Cézanne and the Modern pivots around the works of Cézanne; half of the works on view in the exhibition are his. The exhibition also features paintings and sculptures by other artists who were influential members of the avant-garde of their time, and offers insight into the development of Impressionism and Post-Impressionism as well as into the history of collecting avant-garde art in the US. It is co-curated by Betsy Rosasco, Research Curator of European Painting and Sculpture at the Prince University of Art Museum, and Laura Giles, the first Heather and Paul G. Haaga Jr., Class of 1970, Curator of Prints and Drawings.
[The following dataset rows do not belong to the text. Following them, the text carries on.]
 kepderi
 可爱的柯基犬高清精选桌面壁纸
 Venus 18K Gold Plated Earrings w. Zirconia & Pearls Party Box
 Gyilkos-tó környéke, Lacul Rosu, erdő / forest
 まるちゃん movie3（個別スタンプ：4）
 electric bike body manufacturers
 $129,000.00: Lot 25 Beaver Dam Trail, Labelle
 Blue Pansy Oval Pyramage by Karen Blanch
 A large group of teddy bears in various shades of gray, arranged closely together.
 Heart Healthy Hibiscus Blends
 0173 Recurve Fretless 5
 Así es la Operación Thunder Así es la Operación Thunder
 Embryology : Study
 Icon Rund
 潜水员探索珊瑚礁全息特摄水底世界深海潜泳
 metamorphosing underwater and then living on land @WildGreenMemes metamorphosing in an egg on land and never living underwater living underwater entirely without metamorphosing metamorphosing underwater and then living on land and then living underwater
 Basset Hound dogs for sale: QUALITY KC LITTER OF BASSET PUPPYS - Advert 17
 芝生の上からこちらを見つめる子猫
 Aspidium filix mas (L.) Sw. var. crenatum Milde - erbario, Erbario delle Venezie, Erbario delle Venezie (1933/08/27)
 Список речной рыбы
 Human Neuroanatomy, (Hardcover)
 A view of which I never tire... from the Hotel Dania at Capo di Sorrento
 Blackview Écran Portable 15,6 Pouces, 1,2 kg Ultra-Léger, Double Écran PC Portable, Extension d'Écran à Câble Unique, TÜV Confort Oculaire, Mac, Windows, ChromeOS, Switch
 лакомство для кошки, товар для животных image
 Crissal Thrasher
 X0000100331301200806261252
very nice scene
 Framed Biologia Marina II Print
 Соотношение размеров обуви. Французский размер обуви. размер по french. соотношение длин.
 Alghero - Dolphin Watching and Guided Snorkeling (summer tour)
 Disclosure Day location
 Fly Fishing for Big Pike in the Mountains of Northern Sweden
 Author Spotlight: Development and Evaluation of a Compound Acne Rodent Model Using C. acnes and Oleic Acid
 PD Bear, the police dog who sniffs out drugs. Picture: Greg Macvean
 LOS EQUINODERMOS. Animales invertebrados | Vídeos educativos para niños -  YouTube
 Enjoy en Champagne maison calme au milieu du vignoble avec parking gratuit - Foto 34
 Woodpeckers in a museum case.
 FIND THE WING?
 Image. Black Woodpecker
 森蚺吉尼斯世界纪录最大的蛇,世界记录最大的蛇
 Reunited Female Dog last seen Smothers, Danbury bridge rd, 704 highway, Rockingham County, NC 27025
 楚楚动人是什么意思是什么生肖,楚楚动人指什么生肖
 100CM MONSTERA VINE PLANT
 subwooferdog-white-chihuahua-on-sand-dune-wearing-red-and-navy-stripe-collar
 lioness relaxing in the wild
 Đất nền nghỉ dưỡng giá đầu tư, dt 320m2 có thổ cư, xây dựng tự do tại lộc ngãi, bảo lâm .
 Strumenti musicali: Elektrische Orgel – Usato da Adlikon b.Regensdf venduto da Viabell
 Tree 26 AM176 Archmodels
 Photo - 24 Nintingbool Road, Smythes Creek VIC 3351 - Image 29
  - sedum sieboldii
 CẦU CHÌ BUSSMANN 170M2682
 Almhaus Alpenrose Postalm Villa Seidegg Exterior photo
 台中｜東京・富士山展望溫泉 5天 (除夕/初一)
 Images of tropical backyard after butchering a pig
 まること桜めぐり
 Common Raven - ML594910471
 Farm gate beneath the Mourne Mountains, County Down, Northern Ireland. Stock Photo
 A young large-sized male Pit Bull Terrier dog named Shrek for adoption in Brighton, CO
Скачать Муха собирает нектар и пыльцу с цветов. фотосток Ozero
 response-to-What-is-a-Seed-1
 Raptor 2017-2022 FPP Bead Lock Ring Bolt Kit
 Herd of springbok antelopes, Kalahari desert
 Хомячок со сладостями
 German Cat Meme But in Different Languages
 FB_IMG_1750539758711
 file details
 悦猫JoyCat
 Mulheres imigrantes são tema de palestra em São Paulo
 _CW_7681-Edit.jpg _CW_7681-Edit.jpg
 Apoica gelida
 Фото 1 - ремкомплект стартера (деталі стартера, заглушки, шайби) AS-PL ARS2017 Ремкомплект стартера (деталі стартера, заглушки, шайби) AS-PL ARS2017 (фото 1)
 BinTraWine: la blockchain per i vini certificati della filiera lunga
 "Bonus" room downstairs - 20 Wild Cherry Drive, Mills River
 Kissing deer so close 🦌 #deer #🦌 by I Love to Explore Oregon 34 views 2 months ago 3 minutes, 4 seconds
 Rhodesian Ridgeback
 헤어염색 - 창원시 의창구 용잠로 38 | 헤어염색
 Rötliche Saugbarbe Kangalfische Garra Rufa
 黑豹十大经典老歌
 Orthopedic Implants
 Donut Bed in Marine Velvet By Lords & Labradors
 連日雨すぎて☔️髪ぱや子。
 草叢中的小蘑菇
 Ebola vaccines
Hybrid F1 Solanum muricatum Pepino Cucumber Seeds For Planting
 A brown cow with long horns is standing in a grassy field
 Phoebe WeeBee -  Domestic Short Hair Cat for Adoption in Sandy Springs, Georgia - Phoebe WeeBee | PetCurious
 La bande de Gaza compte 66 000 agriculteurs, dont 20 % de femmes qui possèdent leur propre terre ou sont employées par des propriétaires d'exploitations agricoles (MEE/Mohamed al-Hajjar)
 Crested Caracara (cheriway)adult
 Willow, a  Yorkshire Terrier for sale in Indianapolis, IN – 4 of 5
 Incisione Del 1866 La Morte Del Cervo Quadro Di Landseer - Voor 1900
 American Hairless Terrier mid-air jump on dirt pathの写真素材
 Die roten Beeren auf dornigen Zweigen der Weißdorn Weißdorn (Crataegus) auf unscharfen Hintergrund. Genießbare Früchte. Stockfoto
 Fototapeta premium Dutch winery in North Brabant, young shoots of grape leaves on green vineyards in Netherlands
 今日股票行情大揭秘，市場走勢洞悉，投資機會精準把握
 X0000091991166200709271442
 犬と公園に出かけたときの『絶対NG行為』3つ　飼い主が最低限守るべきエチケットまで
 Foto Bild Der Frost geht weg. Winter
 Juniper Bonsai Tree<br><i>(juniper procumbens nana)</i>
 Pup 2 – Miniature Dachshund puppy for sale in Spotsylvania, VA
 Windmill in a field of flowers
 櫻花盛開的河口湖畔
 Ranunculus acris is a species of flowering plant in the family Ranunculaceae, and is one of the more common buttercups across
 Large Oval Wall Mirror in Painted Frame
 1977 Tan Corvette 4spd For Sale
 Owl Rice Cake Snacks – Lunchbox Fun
Among the highlights of the exhibition are Cézanne’s “Mont Sainte-Victoire,” Van Gogh’s “Tarascon Stagecoach,” and Amedeo Modigliani’s “Portrait of Jean Cocteau.” A fully illustrated catalogue appears alongside the exhibition which features contributions by more than a dozen members of the extended Princeton University community.
In a letter to his brother Theo in October 1888, Van Gogh explained the birth of his painting “Tarascon Stagecoach”, saying it was partly inspired by Alphonse Daudet’s novel “Tartatin of Tarascon,” which features a stagecoach. Van Gogh also elaborated on the artistic influence that Claude Monet and Adolphe Monticelli had on the painting: “The carriages are painted in the style of Monticelli, with impastos. You once had a very beautiful Monet, of four colorful boats on a beach. Well, here it’s carriages, but the composition is of the same kind.”